→ **Exercise requirements**:
Your task is to find every line of the data that holds the string "Tiguan" and copy it.
++++++++
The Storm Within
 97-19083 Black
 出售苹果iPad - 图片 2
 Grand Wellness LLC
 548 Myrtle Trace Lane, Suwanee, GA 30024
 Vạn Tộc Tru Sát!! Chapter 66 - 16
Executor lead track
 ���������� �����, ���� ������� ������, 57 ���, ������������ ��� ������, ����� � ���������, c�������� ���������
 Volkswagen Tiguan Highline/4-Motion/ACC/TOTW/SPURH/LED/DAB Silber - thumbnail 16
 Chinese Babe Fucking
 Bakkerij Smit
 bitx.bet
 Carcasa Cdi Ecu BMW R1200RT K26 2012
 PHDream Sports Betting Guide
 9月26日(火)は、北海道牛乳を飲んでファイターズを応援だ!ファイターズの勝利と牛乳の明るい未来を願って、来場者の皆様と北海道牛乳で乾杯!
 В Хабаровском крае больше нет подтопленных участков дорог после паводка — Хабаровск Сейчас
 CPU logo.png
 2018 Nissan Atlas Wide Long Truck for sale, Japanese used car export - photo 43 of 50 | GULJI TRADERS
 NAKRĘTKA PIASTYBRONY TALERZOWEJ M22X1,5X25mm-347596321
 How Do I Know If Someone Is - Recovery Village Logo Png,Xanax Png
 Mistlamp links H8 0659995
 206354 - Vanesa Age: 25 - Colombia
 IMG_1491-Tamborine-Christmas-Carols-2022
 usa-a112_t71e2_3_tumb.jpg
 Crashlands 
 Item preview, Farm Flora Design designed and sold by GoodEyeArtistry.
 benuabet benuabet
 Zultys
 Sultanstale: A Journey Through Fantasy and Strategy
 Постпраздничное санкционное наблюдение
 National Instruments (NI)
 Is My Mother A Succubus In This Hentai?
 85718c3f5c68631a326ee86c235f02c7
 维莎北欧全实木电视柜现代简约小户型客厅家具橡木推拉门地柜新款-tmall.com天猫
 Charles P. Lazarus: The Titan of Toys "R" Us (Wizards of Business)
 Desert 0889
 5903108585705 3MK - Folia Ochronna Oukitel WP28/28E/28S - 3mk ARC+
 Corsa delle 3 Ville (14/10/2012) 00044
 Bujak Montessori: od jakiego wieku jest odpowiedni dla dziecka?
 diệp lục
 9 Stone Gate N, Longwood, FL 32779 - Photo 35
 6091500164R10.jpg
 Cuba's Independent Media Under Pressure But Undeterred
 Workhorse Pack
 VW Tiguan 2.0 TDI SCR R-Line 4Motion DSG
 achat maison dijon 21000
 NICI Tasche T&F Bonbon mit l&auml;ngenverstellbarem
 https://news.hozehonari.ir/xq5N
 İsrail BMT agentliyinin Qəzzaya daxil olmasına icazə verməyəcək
++++++++
→ **Problem solution**:
 Volkswagen Tiguan Highline/4-Motion/ACC/TOTW/SPURH/LED/DAB Silber - thumbnail 16
 VW Tiguan 2.0 TDI SCR R-Line 4Motion DSG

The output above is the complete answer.